The team found that “more than 45 such events have been documented this calendar year” in which avoidance systems have been triggered in Washington airspace, according to an internal FAA summary.

The systems, required on all planes carrying 19 or more passengers, kick in and order pilots to take evasive action when their sensors indicate a potential midair collision.

Though few of those events were as harrowing as Mr Sensenbrenner’s experience, the review team said controllers were being instructed to allow additional space between planes in Tracon airspace. The Sensenbrenner incident on June 28th was recorded as the 23rd error of the year by Potomac Tracon.

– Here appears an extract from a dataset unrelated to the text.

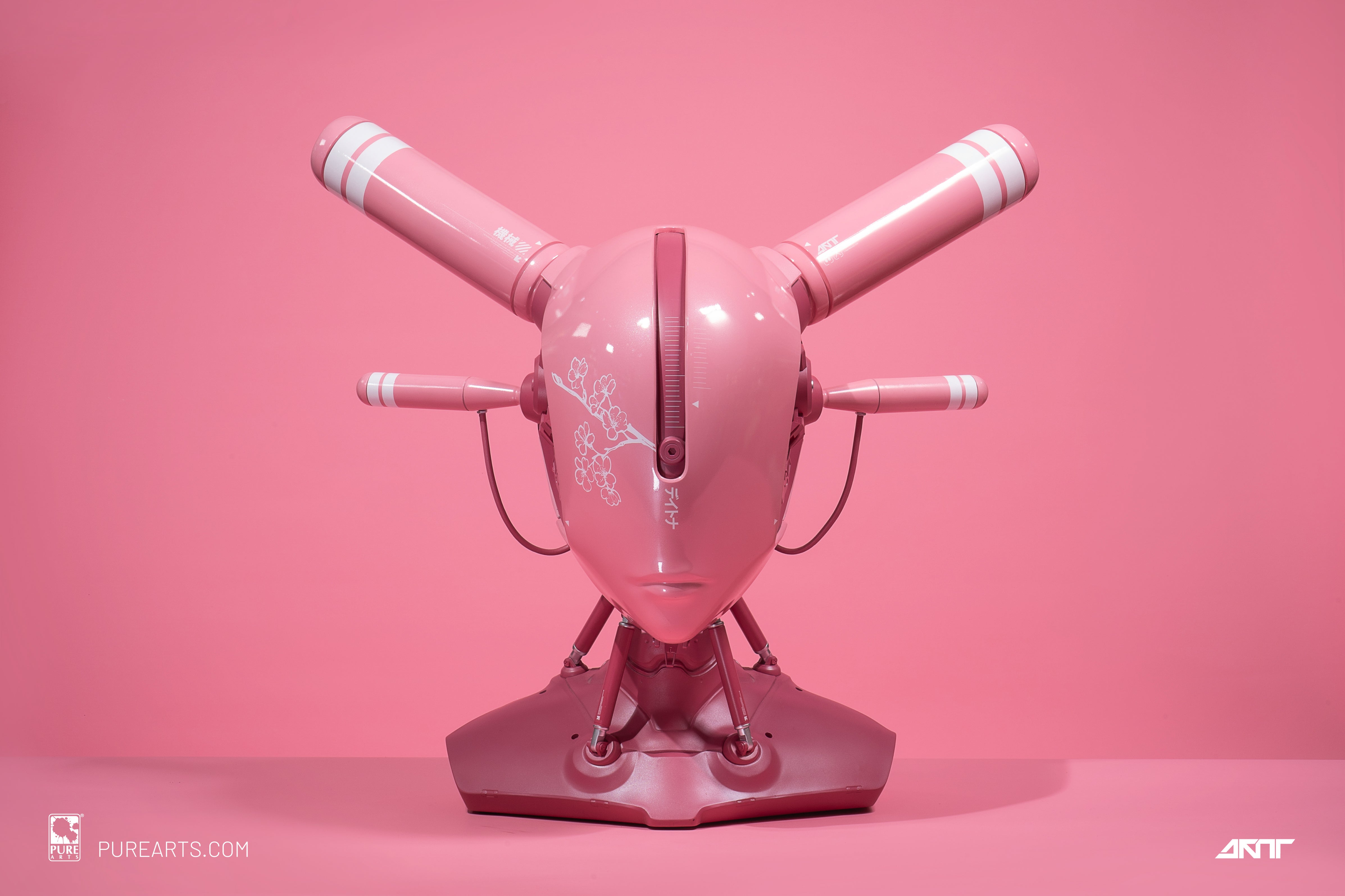 KINKY 09 Sakura Prototype Cranial 1/3 Scale Helmet by Daytoner and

Since that date controllers there have officially reported 15 more mistakes, including two this month that were ranked in preliminary internal reports as “Category A, yellow”.

Only a Category A, red, is considered more serious, usually involving an actual crash or act of terrorism.

The number of errors by air traffic controllers has risen dramatically nationwide this year. FAA records are compiled on a fiscal year beginning October 1st. The total by Tracon during the last fiscal year was 754. With a month left in the current fiscal year, the error total has reached 1,257.

Alarmed by the national increase in incidents when onboard collision avoidance systems were activated, the National Transportation Safety Board has begun a review of almost a dozen near midair collisions, including a March 25th incident 24,000ft over Maryland when a Continental Airlines 737 came within about a mile of colliding with a Gulfstream jet.

The NTSB, best known for investigating accidents, has the authority to propose regulations but not to mandate them. It has raised questions about the reliability of the FAA’s reporting of close encounters in the skies.

Critics within the air traffic control system contend that much of the fault lies with a generational shift in the ranks of controllers brought on by mass retirements of those hired after 1981, when President Ronald Reagan fired the nation’s striking controllers. They say many of the new controllers have been prematurely thrust into high-pressure roles. FAA administrator Randoph Babbitt rejects that as unfair, saying the new controllers are fully capable. He says plane-crash deaths are at an all-time low, and there has not been a major midair collision involving an airliner in two decades.

He says the rise in reported errors is the result of a new programme that encourages controllers to report their own errors without fear of retribution. He issued a rule that says they should "only rarely be removed" from directing flights while their errors are investigated. – ( Washington Post-Bloomberg)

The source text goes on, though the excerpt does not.